• **Assignment**
Copy word for word, please, the lines of the entries below running from the one containing "Deana_HR's tweet photo." to the one containing "kitchen with plenty", both ends included.

• **Supplied material**
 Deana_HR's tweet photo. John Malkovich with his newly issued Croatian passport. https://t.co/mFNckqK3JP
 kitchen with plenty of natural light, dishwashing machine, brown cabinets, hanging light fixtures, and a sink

...

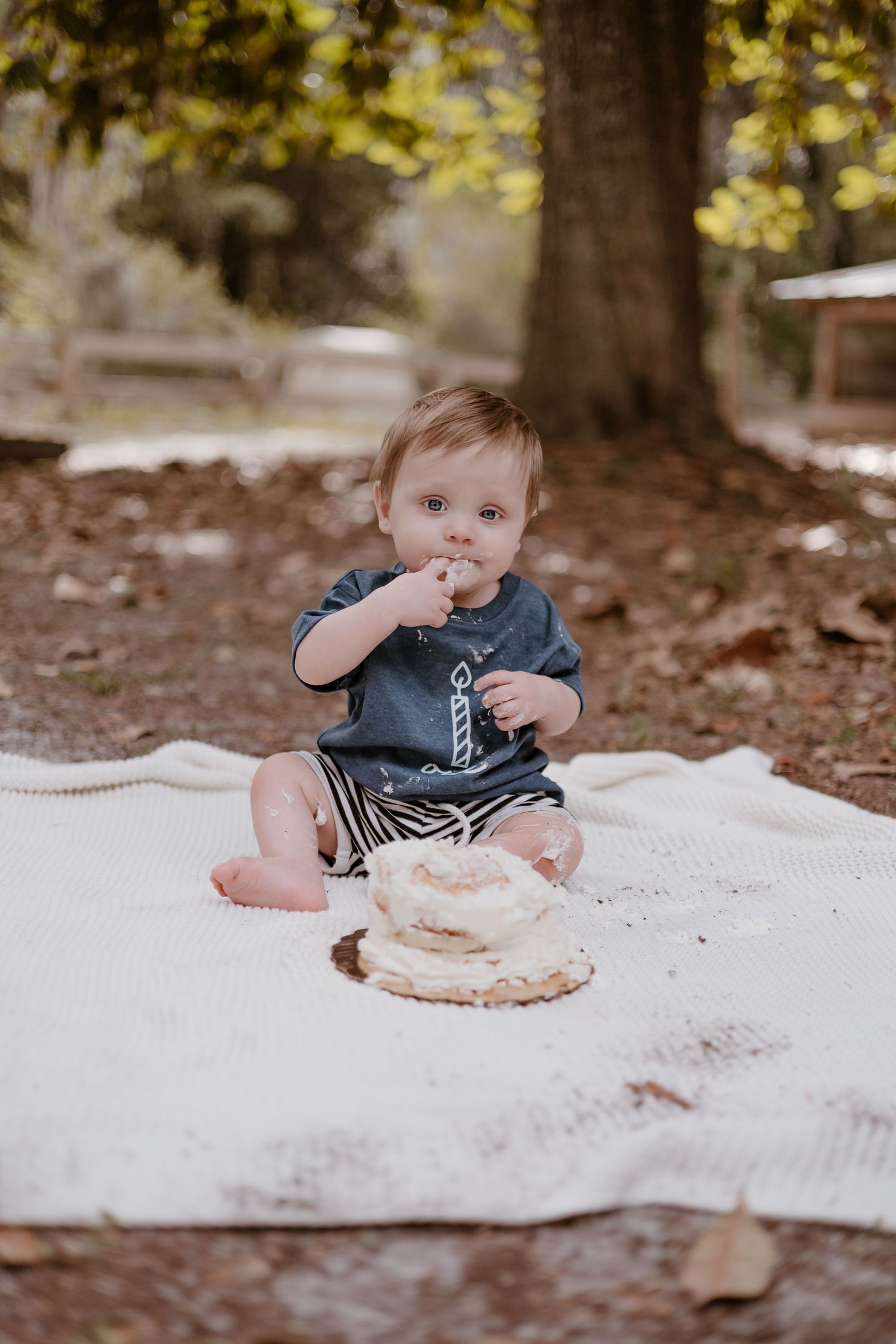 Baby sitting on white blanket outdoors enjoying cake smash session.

---

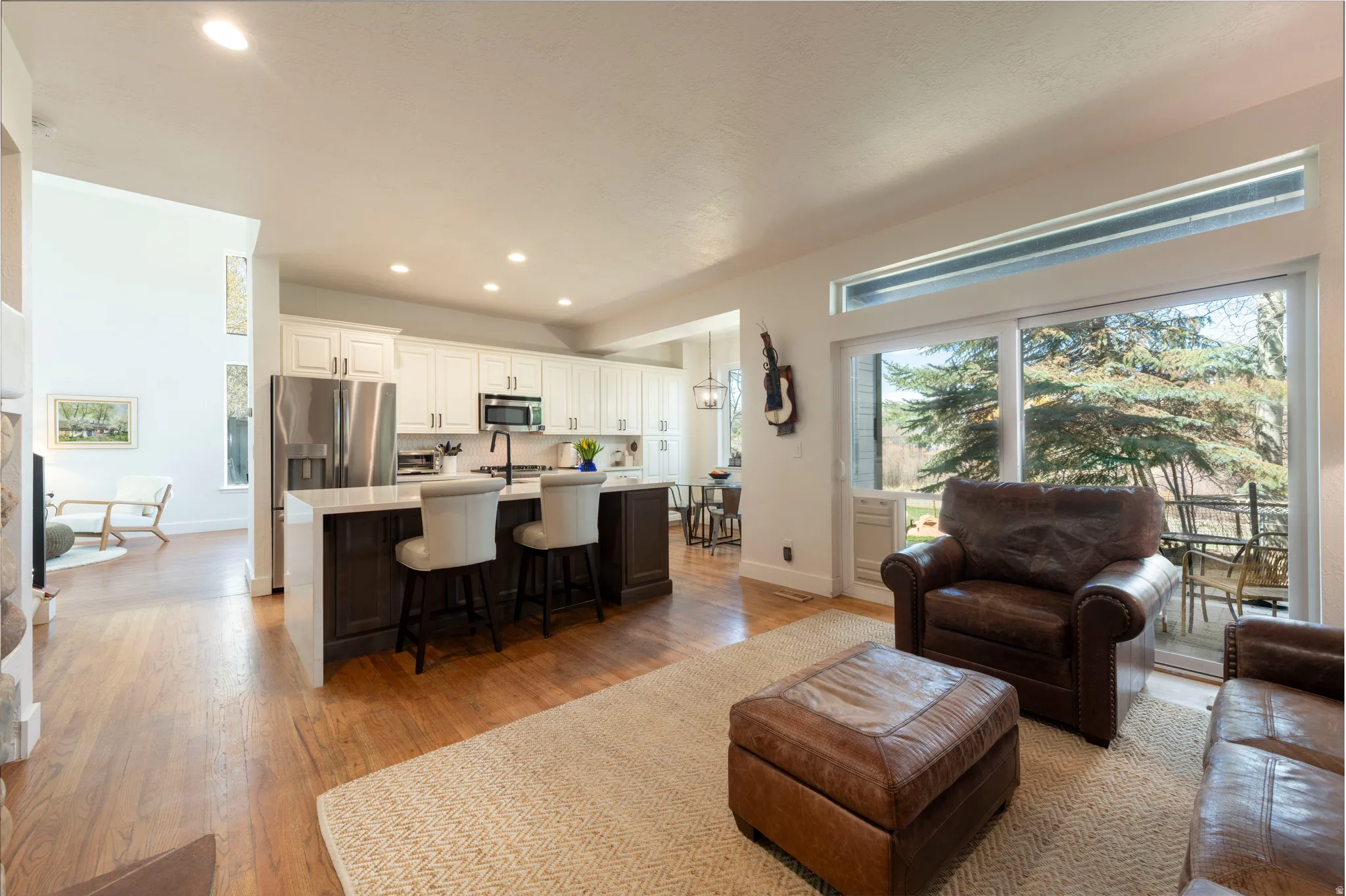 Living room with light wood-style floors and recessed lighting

• **Finished task**
 Deana_HR's tweet photo. John Malkovich with his newly issued Croatian passport. https://t.co/mFNckqK3JP
 kitchen with plenty of natural light, dishwashing machine, brown cabinets, hanging light fixtures, and a sink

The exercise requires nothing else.